Governor Kim Reynolds has taken action on a dozen bills today, wrapping up her review of legislation passed by the 2018 Iowa General Assembly. Among the items tucked in a massive budget bill is a requirement that the University of Iowa Credit Union ditch that name, since it’s not associated with the university.
“I don’t think that’s unreasonable to ask for that, “Reynolds said earlier this week in Boone during a question-and-answer session with reporters.

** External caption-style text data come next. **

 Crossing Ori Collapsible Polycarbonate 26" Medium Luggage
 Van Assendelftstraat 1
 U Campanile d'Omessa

State payments to local schools, plus state spending at the public universities and community colleges are outlined in the batch of bills Reynolds signed into law today.. Reynolds also approved spending plans for multiple state agencies, including the Department of Natural Resources and the DOT. Most state agencies will be operating under “status quo” budgets, although legislators did set aside an extra two-million dollars for the state’s park system, to avoid closures.
Reynolds did use her item veto authority to reject some legislative proposals. Republicans had voted to shut down a pilot program that supporters say is reducing the number of people who sit in jail while awaiting trial. Reynolds took action to continue the program through December 31, then ordered the agencies involved to review its effectiveness. Reynolds said in a veto message that she supports efforts to come up with a fairer system for people awaiting trial for non-violent crimes, but the governor indicated legislators had raised legitimate questions about how the program works. The program is being used in Polk, Scott and Woodbury Counties. Linn County delayed participation after lawmakers started raising concerns.

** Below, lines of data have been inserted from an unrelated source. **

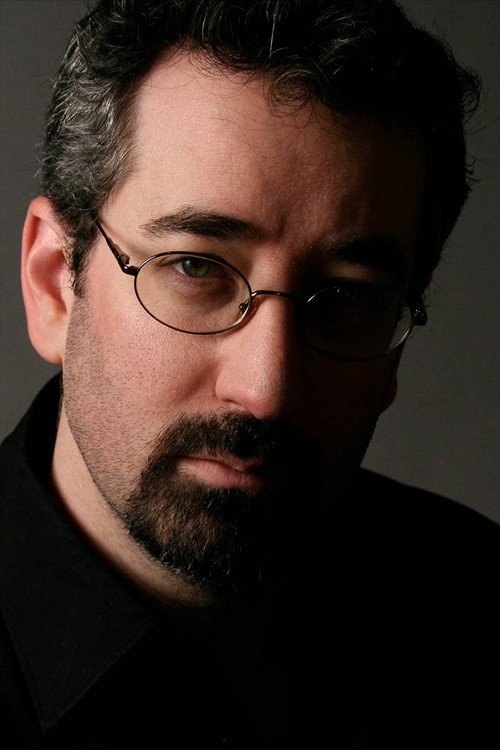 Photo of Jay Holben, Directing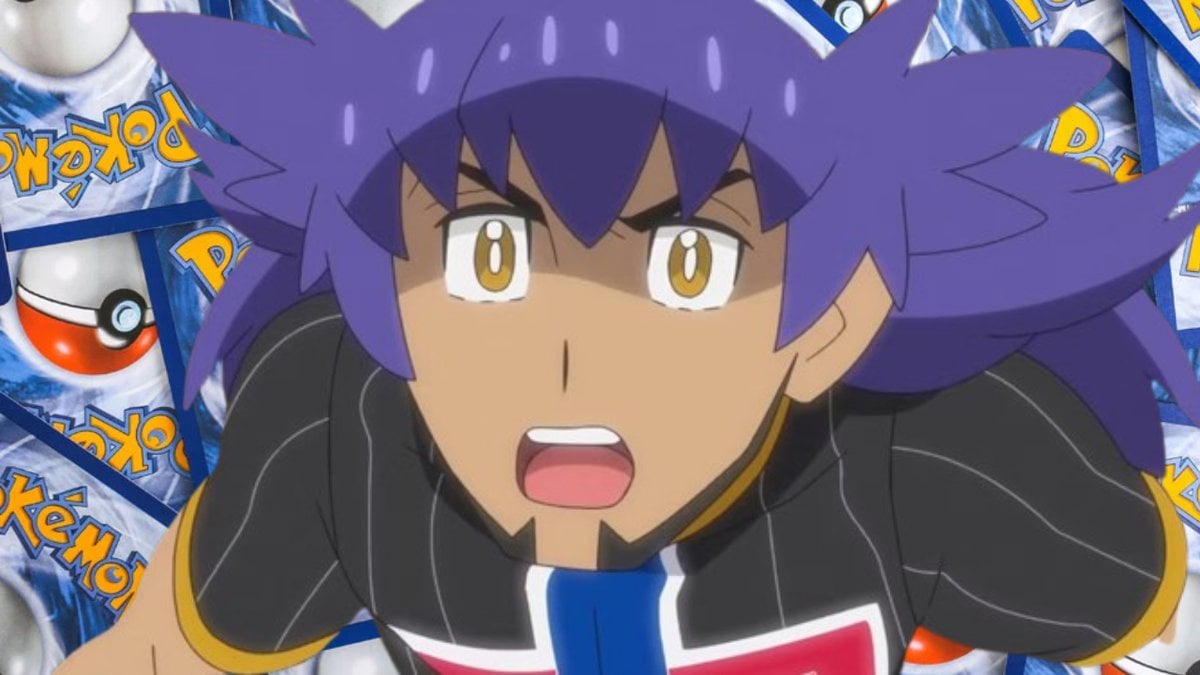 American Man, 33, Uses Chainsaw to Break Into Pokémon Card Shop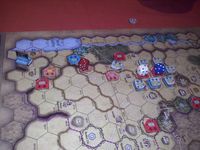 2674793 Days of Battle: Golan Heights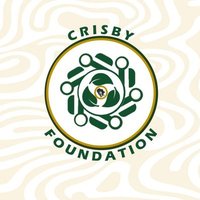 Crisby Foundation (@crisbyfound) 's Twitter Profile Photo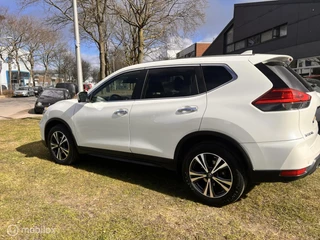 Nissan X-Trail Nissan X-Trail 1.6 DIG-T Tekna - afbeelding nr 10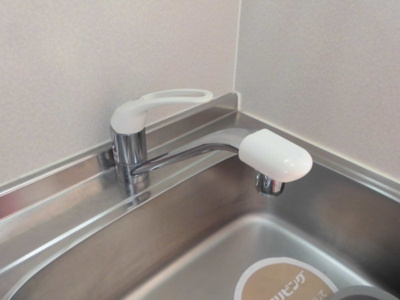 【キッチン】 | CASA GRANDE Ⅲ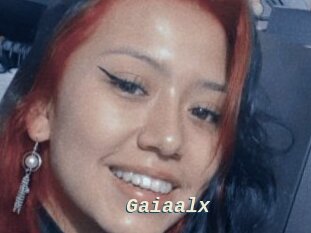 Gaiaalx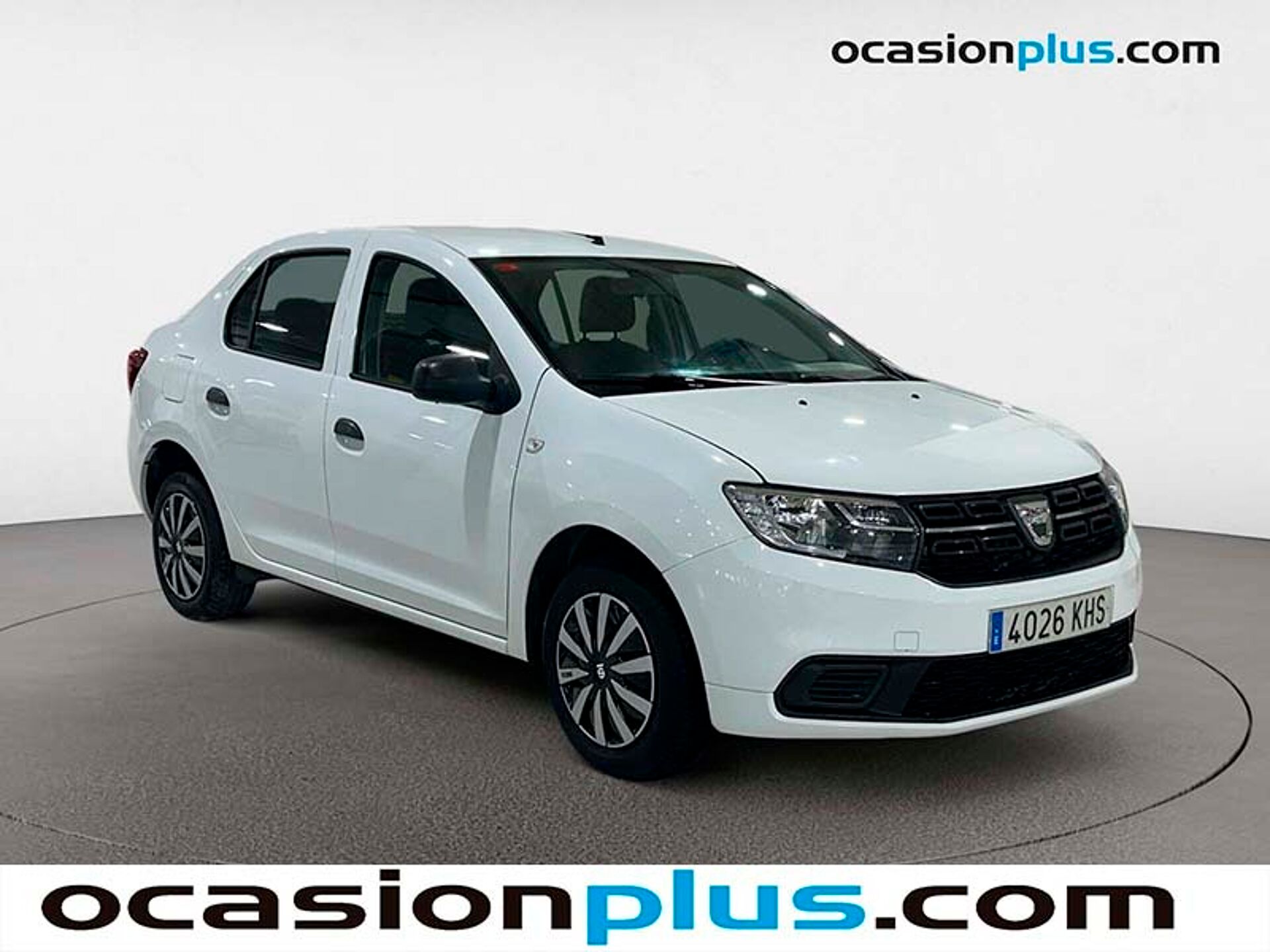 Imagen 2 de DACIA Logan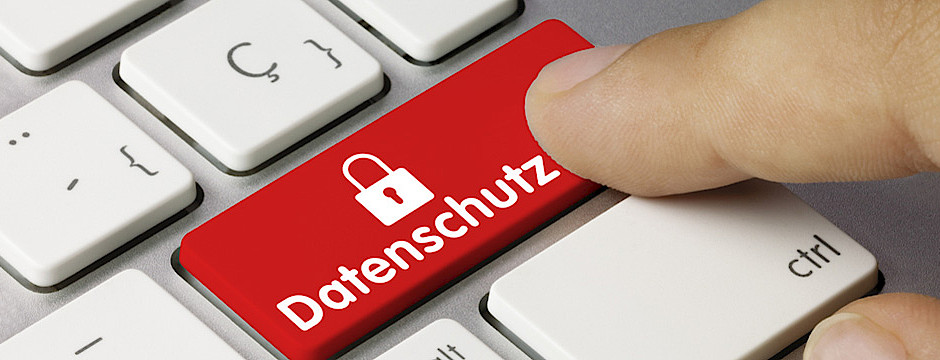 Datenschutzerklärung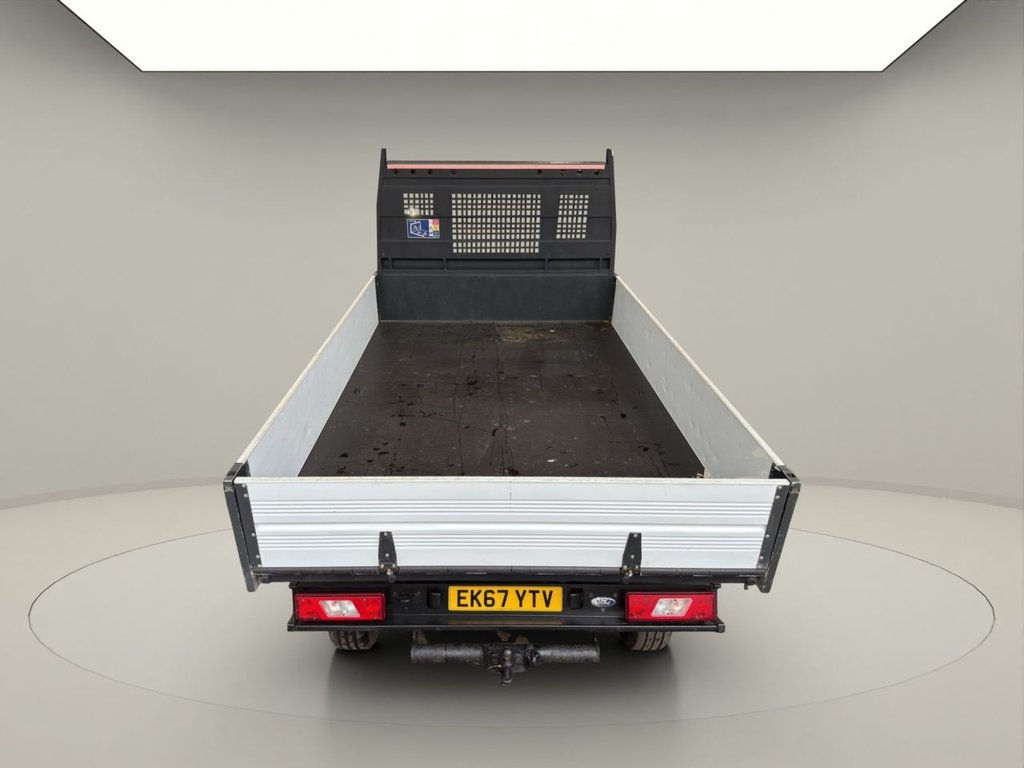 Used Ford Transit 2017 for sale - 76820338: Photo 13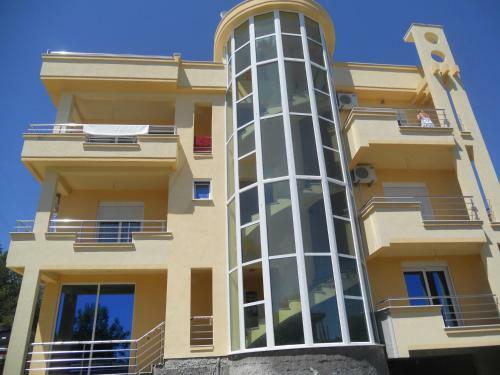 Kopernikus Apartments
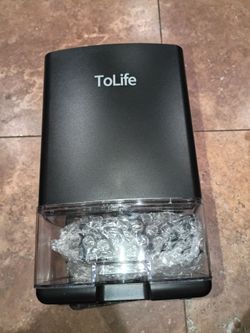 Tolife dehumidifier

The governor vetoed one bill out of all the bills passed by the 2018 legislature. It’s a bill that passed the House and Senate unanimously and it dealt with how Iowa’s stock insurance companies may split into two separate firms. Reynolds said a provision stuck into the bill would have led to more disruption in Iowa’s insurance market by allowing a single person who is self-employed to qualify for group insurance policies.
Also today, Reynolds announced Jake Ketzner, her chief of staff, is leaving “to pursue opportunities outside state government.” Reynolds is promoting her senior legal counsel and chief policy advisor. Ryan Koopmans will become the governor’s chief of staff on June 9.